Robert Hughes’ Rome (4)

Part of my study abroad trip to London and Rome in September is a series of blog posts about some assigned readings, and reflections upon them. This is the tenth such post, and is four of five about Robert Hughes’ Rome: A Cultural, Visual, and Personal History.

“In a culture which drew no very distinct line between the natural and the supernatural, relics were a powerful instrument of societal control, striking awe into the skeptical and impious. … At the height of the relic mania, the custom arose of lowering long strips of cloth into a saintly grave; if a piece touched the remains, it became a relic in itself, by holy contagion.”

– except from Chapter 5: Medieval Rome and Avignon of Robert Hughes’ Rome: A Cultural, Visual, and Personal History

A part of me wants to laugh, to mock, the idea of pilgrims traveling hundreds of miles to see the “Holy Foreskin” (mentioned by Hughes later in chapter, the only ‘earthly’ remnant of Jesus’ body). I want to think that this is behavior that, as s society, we’ve moved beyond.

I can’t, though, because we really haven’t changed. The thousands of people every year who make Graceland pilgrimages, autograph seekers, memorabilia and commemorative plate makers, and the people who to this day travel across the Old World and visit relic sites, not as locations of historical curiosity, but because they believe in holy handkerchiefs blessed because they once two thousand years ago, wiped the saviors brow.

Decade old grilled cheese sandwich with St. Marys face on it, sold for $28,000. Image from the BBC website.

I have never understood religion, or the fascination modern culture has with celebrity, and I often have a hard time recognizing the difference between the two.

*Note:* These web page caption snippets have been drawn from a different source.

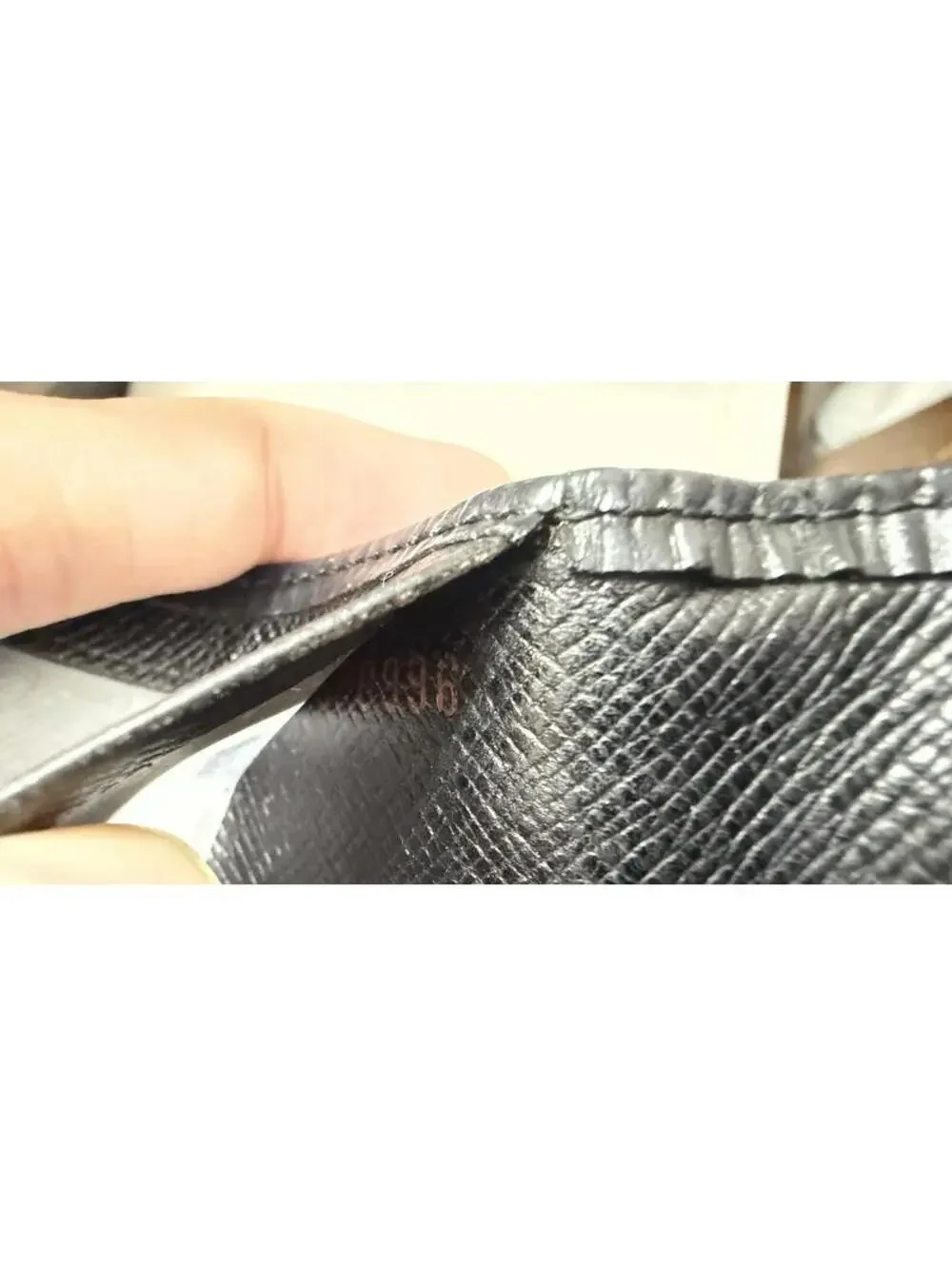 Authentic Louis Vuitton LV Card Wallet Epi Leather Bifold Vintage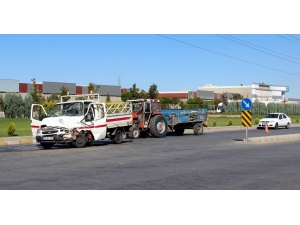 Kamyonetler Çarpıştı: 1 Yaralı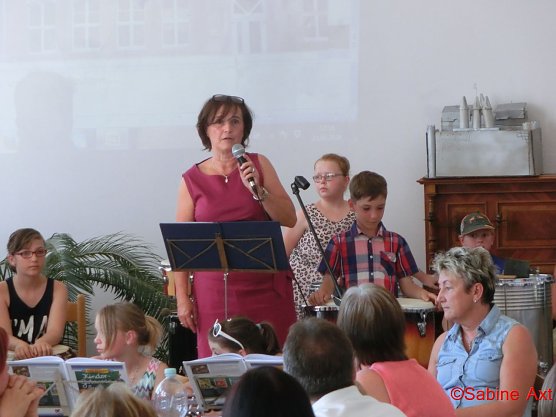 Abschlussfeier der Viertkl&auml;ssler der Kyffh&auml;userlandgrundschule (Foto: Sabine Axt)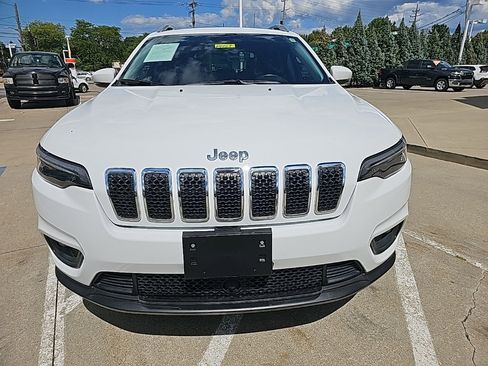 Certified 2021 Jeep Cherokee Latitude Plus w/ Sun & Sound Group image 8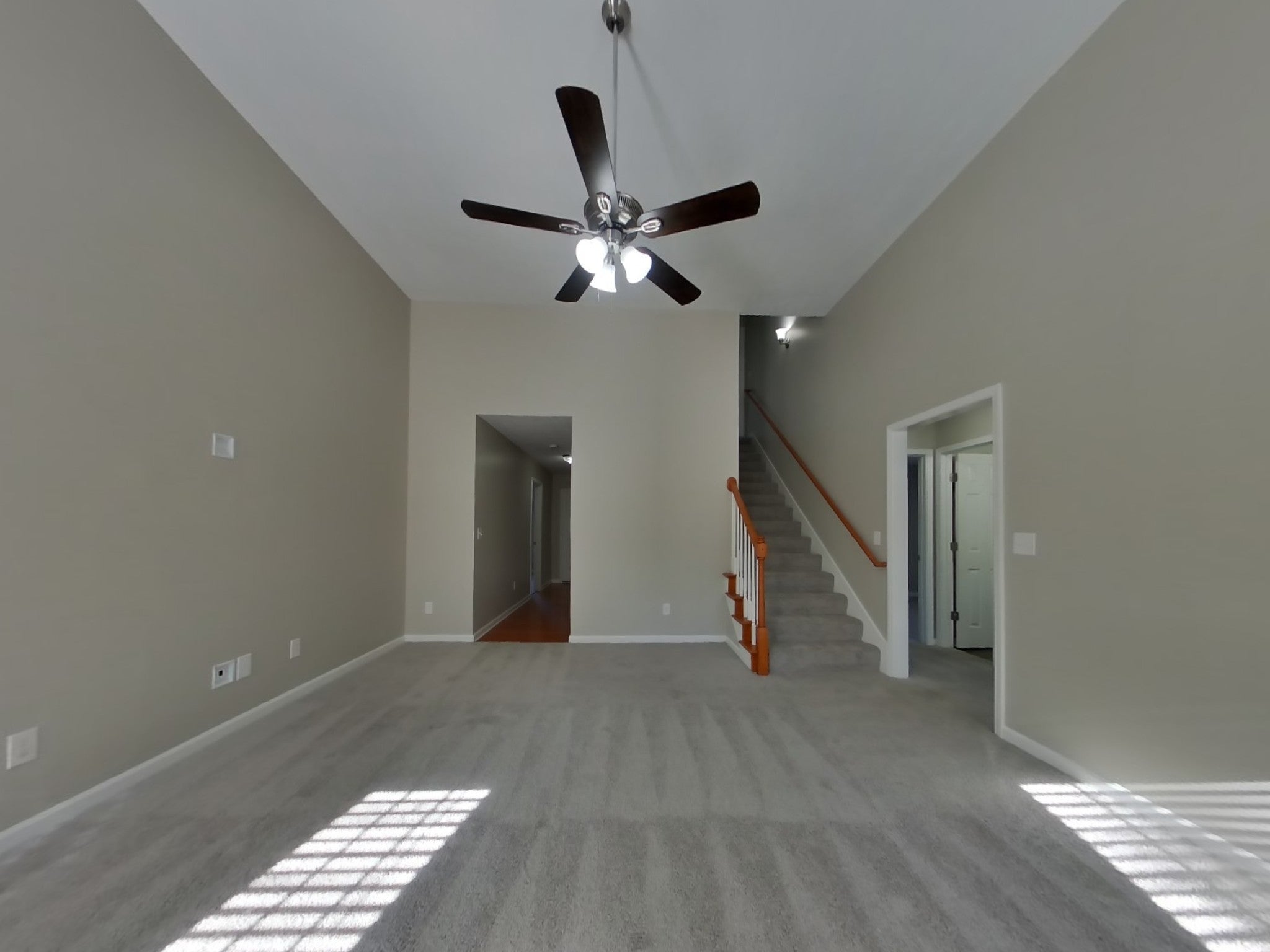 3505 Flora Dr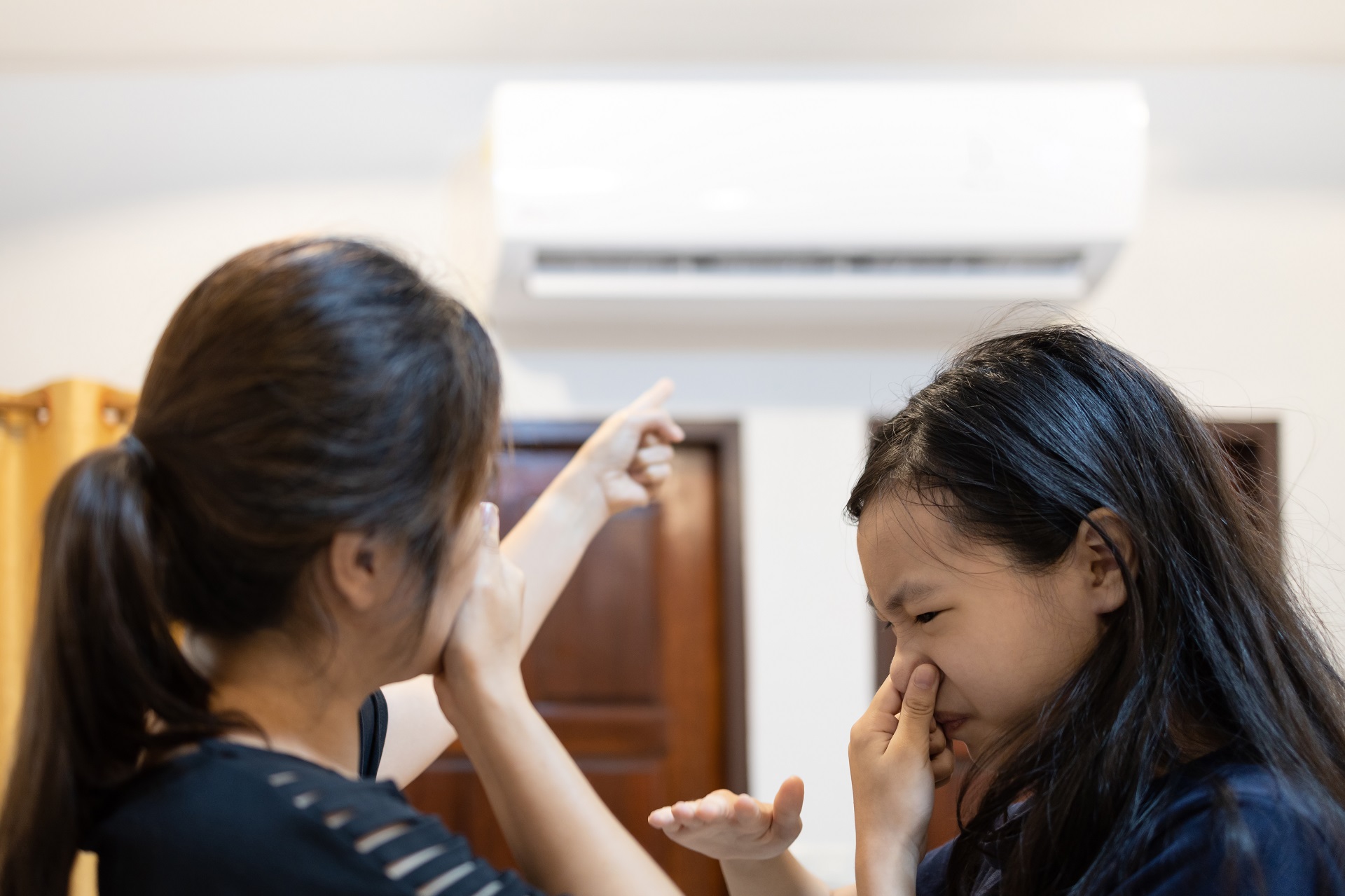What to Do When Your AC Smells Like Burning Plastic in Winter Haven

They have both always seemed crazily, desperately, escapist to me, focusing their adherents (or crazed fans) thoughts upon what might be someday, what someone else might be doing, rather than on what is happening in their own lives or in their own futures.

But of all of the things I understand about religion, the impulse to own, or pray, at the fingerbones or foreskin or stair steps a saint once might have walked upon is the part that I understand the least.